Stored data.
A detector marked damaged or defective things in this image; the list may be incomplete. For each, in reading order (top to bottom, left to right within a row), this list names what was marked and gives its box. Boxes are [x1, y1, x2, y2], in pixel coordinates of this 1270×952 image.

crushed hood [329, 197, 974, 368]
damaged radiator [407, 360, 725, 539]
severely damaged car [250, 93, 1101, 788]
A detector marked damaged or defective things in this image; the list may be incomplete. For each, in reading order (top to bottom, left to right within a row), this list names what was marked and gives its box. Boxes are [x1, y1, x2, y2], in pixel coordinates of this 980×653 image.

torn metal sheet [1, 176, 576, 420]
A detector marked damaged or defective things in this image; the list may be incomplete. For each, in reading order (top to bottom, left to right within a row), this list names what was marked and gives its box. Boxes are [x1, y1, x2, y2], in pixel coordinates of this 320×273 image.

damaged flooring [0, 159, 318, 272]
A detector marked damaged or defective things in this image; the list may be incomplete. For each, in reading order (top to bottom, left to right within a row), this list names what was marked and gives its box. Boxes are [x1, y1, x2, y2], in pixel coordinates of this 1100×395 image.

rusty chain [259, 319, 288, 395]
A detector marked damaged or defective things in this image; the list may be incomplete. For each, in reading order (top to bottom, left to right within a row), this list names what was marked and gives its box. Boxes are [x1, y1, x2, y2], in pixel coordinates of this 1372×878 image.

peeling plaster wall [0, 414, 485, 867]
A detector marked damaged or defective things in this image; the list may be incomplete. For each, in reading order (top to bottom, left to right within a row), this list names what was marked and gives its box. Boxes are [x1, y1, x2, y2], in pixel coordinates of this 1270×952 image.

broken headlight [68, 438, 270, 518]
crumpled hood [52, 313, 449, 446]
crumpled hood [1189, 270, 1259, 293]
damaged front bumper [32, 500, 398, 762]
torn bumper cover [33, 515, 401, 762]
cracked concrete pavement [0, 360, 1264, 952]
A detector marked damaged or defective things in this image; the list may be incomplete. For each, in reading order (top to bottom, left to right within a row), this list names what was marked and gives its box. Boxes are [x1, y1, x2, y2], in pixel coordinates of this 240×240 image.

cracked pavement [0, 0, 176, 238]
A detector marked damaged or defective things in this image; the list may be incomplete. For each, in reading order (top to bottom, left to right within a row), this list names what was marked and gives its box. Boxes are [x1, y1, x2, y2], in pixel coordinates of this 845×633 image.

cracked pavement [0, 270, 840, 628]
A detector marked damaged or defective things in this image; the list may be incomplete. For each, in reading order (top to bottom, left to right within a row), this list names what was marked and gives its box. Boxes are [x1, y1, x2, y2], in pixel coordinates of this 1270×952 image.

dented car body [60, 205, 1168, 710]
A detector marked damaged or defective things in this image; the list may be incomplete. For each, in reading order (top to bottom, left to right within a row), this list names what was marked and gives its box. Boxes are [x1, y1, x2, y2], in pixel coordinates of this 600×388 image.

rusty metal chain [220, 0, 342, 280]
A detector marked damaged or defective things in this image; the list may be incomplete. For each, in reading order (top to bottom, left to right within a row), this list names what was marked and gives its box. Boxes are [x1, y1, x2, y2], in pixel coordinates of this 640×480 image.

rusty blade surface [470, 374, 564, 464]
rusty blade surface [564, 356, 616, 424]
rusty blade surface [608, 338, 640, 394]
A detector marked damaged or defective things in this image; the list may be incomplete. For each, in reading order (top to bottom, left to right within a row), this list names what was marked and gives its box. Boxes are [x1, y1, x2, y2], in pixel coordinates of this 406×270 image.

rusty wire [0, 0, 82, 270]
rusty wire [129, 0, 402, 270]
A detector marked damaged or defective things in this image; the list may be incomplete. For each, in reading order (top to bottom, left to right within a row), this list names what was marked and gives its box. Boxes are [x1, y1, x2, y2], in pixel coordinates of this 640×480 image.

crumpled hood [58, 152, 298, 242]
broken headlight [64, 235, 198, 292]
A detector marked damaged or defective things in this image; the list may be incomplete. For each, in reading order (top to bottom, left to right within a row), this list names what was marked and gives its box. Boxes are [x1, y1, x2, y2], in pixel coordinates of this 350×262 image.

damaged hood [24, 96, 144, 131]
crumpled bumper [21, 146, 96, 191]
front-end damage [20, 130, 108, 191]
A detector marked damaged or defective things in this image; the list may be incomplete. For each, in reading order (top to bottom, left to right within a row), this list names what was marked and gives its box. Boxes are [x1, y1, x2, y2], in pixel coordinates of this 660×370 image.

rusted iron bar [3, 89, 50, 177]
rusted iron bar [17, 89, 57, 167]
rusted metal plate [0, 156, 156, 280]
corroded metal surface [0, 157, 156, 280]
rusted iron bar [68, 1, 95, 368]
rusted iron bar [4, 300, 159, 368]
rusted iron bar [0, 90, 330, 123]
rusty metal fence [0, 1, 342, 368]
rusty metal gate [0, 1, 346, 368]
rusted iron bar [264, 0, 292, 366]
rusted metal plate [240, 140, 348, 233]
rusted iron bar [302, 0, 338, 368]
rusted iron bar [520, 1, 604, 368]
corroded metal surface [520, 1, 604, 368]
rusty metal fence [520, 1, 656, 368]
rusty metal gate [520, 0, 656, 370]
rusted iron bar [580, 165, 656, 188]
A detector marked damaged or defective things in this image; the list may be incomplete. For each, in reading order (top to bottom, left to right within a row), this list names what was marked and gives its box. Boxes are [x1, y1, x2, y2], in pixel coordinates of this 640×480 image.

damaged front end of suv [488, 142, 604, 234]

Aim of the exercise. Output, unchanged, only the lines from the one that holds "this 660×370 image." through the last line of the material above.

Result of this task.
A detector marked damaged or defective things in this image; the list may be incomplete. For each, in reading order (top to bottom, left to right within a row), this list names what was marked and gives its box. Boxes are [x1, y1, x2, y2], in pixel coordinates of this 660×370 image.

rusted iron bar [3, 89, 50, 177]
rusted iron bar [17, 89, 57, 167]
rusted metal plate [0, 156, 156, 280]
corroded metal surface [0, 157, 156, 280]
rusted iron bar [68, 1, 95, 368]
rusted iron bar [4, 300, 159, 368]
rusted iron bar [0, 90, 330, 123]
rusty metal fence [0, 1, 342, 368]
rusty metal gate [0, 1, 346, 368]
rusted iron bar [264, 0, 292, 366]
rusted metal plate [240, 140, 348, 233]
rusted iron bar [302, 0, 338, 368]
rusted iron bar [520, 1, 604, 368]
corroded metal surface [520, 1, 604, 368]
rusty metal fence [520, 1, 656, 368]
rusty metal gate [520, 0, 656, 370]
rusted iron bar [580, 165, 656, 188]
A detector marked damaged or defective things in this image; the list may be incomplete. For each, in reading order (top to bottom, left to right within a row), this list names what was marked and gives its box. Boxes are [x1, y1, x2, y2], in pixel coordinates of this 640×480 image.

damaged front end of suv [488, 142, 604, 234]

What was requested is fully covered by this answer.